**WHAT YOU HAVE TO DO:** Output the records that follow, with every character intact.

**DATA FOR REVIEW:**
◇ ◇ ◇
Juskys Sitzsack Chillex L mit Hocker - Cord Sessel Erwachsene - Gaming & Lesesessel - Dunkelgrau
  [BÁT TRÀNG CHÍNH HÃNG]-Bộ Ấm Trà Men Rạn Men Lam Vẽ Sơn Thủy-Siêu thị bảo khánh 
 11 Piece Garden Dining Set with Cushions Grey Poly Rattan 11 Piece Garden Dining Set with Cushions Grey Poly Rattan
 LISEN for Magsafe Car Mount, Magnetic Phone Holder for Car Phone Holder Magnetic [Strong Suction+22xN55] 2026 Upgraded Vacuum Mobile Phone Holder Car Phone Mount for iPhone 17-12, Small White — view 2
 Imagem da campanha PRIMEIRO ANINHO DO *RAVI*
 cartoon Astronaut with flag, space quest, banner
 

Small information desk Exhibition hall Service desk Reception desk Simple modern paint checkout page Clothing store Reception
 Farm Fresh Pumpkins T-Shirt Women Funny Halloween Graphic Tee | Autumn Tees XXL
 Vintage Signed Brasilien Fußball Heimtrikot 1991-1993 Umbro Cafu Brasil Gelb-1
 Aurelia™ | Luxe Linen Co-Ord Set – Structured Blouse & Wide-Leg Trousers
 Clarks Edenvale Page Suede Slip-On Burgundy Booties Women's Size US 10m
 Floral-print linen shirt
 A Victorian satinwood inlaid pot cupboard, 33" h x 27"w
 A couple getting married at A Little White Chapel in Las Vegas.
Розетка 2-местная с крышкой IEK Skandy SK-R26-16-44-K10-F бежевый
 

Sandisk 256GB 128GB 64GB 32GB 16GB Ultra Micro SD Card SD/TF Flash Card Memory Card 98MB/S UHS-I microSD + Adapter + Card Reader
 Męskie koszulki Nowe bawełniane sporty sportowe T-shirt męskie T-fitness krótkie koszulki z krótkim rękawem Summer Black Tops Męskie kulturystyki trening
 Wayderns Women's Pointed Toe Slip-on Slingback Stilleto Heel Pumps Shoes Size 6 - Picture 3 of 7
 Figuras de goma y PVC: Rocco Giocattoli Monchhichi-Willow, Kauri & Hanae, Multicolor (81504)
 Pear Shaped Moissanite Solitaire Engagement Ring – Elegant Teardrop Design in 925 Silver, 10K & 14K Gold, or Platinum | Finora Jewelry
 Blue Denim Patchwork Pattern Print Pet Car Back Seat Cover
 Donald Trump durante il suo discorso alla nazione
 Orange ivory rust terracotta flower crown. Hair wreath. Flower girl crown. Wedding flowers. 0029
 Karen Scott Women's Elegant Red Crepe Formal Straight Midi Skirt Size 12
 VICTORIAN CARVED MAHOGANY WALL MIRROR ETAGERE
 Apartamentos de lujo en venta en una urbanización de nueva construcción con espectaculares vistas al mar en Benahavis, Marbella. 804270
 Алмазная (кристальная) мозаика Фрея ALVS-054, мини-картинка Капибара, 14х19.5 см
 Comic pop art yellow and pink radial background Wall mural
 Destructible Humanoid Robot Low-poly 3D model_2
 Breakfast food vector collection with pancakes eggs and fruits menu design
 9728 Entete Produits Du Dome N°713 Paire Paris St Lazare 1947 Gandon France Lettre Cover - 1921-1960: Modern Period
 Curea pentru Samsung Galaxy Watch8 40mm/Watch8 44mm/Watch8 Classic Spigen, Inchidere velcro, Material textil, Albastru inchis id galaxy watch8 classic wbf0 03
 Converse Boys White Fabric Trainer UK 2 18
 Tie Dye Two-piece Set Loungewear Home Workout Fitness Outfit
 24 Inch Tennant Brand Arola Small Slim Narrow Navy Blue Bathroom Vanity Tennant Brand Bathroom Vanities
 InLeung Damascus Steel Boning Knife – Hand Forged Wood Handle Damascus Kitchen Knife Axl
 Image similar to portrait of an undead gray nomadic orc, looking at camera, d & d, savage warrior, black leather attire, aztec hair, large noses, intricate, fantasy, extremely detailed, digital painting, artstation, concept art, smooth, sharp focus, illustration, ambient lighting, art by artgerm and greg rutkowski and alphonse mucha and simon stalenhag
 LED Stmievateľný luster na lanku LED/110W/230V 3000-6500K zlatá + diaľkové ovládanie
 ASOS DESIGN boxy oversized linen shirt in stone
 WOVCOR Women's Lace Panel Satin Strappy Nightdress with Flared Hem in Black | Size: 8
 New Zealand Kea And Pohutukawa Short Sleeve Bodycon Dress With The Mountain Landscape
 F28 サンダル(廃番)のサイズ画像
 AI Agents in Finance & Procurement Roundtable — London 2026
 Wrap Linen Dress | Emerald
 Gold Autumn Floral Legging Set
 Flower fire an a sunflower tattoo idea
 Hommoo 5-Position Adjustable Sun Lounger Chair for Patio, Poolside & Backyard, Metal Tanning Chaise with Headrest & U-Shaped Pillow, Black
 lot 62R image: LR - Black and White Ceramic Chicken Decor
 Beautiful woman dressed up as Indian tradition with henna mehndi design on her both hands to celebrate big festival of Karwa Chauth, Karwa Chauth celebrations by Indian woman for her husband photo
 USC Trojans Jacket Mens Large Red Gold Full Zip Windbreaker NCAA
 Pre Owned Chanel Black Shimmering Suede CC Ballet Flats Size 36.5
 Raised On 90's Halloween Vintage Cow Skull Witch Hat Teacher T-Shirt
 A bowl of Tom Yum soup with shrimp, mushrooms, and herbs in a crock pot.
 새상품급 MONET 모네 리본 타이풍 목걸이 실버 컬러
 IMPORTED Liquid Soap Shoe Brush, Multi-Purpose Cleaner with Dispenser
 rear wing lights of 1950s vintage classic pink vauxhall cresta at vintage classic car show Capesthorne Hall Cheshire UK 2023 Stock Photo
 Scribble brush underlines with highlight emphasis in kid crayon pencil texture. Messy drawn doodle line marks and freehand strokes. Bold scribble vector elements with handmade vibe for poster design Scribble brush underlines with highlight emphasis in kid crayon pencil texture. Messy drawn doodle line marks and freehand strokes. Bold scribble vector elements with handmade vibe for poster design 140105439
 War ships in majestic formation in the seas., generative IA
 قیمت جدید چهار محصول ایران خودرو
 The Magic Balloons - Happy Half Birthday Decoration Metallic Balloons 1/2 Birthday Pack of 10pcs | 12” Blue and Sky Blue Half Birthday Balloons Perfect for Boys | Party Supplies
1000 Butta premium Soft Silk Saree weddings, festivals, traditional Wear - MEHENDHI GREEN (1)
◇ ◇ ◇
**TASK RESPONSE:**
Juskys Sitzsack Chillex L mit Hocker - Cord Sessel Erwachsene - Gaming & Lesesessel - Dunkelgrau
  [BÁT TRÀNG CHÍNH HÃNG]-Bộ Ấm Trà Men Rạn Men Lam Vẽ Sơn Thủy-Siêu thị bảo khánh 
 11 Piece Garden Dining Set with Cushions Grey Poly Rattan 11 Piece Garden Dining Set with Cushions Grey Poly Rattan
 LISEN for Magsafe Car Mount, Magnetic Phone Holder for Car Phone Holder Magnetic [Strong Suction+22xN55] 2026 Upgraded Vacuum Mobile Phone Holder Car Phone Mount for iPhone 17-12, Small White — view 2
 Imagem da campanha PRIMEIRO ANINHO DO *RAVI*
 cartoon Astronaut with flag, space quest, banner
 

Small information desk Exhibition hall Service desk Reception desk Simple modern paint checkout page Clothing store Reception
 Farm Fresh Pumpkins T-Shirt Women Funny Halloween Graphic Tee | Autumn Tees XXL
 Vintage Signed Brasilien Fußball Heimtrikot 1991-1993 Umbro Cafu Brasil Gelb-1
 Aurelia™ | Luxe Linen Co-Ord Set – Structured Blouse & Wide-Leg Trousers
 Clarks Edenvale Page Suede Slip-On Burgundy Booties Women's Size US 10m
 Floral-print linen shirt
 A Victorian satinwood inlaid pot cupboard, 33" h x 27"w
 A couple getting married at A Little White Chapel in Las Vegas.
Розетка 2-местная с крышкой IEK Skandy SK-R26-16-44-K10-F бежевый
 

Sandisk 256GB 128GB 64GB 32GB 16GB Ultra Micro SD Card SD/TF Flash Card Memory Card 98MB/S UHS-I microSD + Adapter + Card Reader
 Męskie koszulki Nowe bawełniane sporty sportowe T-shirt męskie T-fitness krótkie koszulki z krótkim rękawem Summer Black Tops Męskie kulturystyki trening
 Wayderns Women's Pointed Toe Slip-on Slingback Stilleto Heel Pumps Shoes Size 6 - Picture 3 of 7
 Figuras de goma y PVC: Rocco Giocattoli Monchhichi-Willow, Kauri & Hanae, Multicolor (81504)
 Pear Shaped Moissanite Solitaire Engagement Ring – Elegant Teardrop Design in 925 Silver, 10K & 14K Gold, or Platinum | Finora Jewelry
 Blue Denim Patchwork Pattern Print Pet Car Back Seat Cover
 Donald Trump durante il suo discorso alla nazione
 Orange ivory rust terracotta flower crown. Hair wreath. Flower girl crown. Wedding flowers. 0029
 Karen Scott Women's Elegant Red Crepe Formal Straight Midi Skirt Size 12
 VICTORIAN CARVED MAHOGANY WALL MIRROR ETAGERE
 Apartamentos de lujo en venta en una urbanización de nueva construcción con espectaculares vistas al mar en Benahavis, Marbella. 804270
 Алмазная (кристальная) мозаика Фрея ALVS-054, мини-картинка Капибара, 14х19.5 см
 Comic pop art yellow and pink radial background Wall mural
 Destructible Humanoid Robot Low-poly 3D model_2
 Breakfast food vector collection with pancakes eggs and fruits menu design
 9728 Entete Produits Du Dome N°713 Paire Paris St Lazare 1947 Gandon France Lettre Cover - 1921-1960: Modern Period
 Curea pentru Samsung Galaxy Watch8 40mm/Watch8 44mm/Watch8 Classic Spigen, Inchidere velcro, Material textil, Albastru inchis id galaxy watch8 classic wbf0 03
 Converse Boys White Fabric Trainer UK 2 18
 Tie Dye Two-piece Set Loungewear Home Workout Fitness Outfit
 24 Inch Tennant Brand Arola Small Slim Narrow Navy Blue Bathroom Vanity Tennant Brand Bathroom Vanities
 InLeung Damascus Steel Boning Knife – Hand Forged Wood Handle Damascus Kitchen Knife Axl
 Image similar to portrait of an undead gray nomadic orc, looking at camera, d & d, savage warrior, black leather attire, aztec hair, large noses, intricate, fantasy, extremely detailed, digital painting, artstation, concept art, smooth, sharp focus, illustration, ambient lighting, art by artgerm and greg rutkowski and alphonse mucha and simon stalenhag
 LED Stmievateľný luster na lanku LED/110W/230V 3000-6500K zlatá + diaľkové ovládanie
 ASOS DESIGN boxy oversized linen shirt in stone
 WOVCOR Women's Lace Panel Satin Strappy Nightdress with Flared Hem in Black | Size: 8
 New Zealand Kea And Pohutukawa Short Sleeve Bodycon Dress With The Mountain Landscape
 F28 サンダル(廃番)のサイズ画像
 AI Agents in Finance & Procurement Roundtable — London 2026
 Wrap Linen Dress | Emerald
 Gold Autumn Floral Legging Set
 Flower fire an a sunflower tattoo idea
 Hommoo 5-Position Adjustable Sun Lounger Chair for Patio, Poolside & Backyard, Metal Tanning Chaise with Headrest & U-Shaped Pillow, Black
 lot 62R image: LR - Black and White Ceramic Chicken Decor
 Beautiful woman dressed up as Indian tradition with henna mehndi design on her both hands to celebrate big festival of Karwa Chauth, Karwa Chauth celebrations by Indian woman for her husband photo
 USC Trojans Jacket Mens Large Red Gold Full Zip Windbreaker NCAA
 Pre Owned Chanel Black Shimmering Suede CC Ballet Flats Size 36.5
 Raised On 90's Halloween Vintage Cow Skull Witch Hat Teacher T-Shirt
 A bowl of Tom Yum soup with shrimp, mushrooms, and herbs in a crock pot.
 새상품급 MONET 모네 리본 타이풍 목걸이 실버 컬러
 IMPORTED Liquid Soap Shoe Brush, Multi-Purpose Cleaner with Dispenser
 rear wing lights of 1950s vintage classic pink vauxhall cresta at vintage classic car show Capesthorne Hall Cheshire UK 2023 Stock Photo
 Scribble brush underlines with highlight emphasis in kid crayon pencil texture. Messy drawn doodle line marks and freehand strokes. Bold scribble vector elements with handmade vibe for poster design Scribble brush underlines with highlight emphasis in kid crayon pencil texture. Messy drawn doodle line marks and freehand strokes. Bold scribble vector elements with handmade vibe for poster design 140105439
 War ships in majestic formation in the seas., generative IA
 قیمت جدید چهار محصول ایران خودرو
 The Magic Balloons - Happy Half Birthday Decoration Metallic Balloons 1/2 Birthday Pack of 10pcs | 12” Blue and Sky Blue Half Birthday Balloons Perfect for Boys | Party Supplies
1000 Butta premium Soft Silk Saree weddings, festivals, traditional Wear - MEHENDHI GREEN (1)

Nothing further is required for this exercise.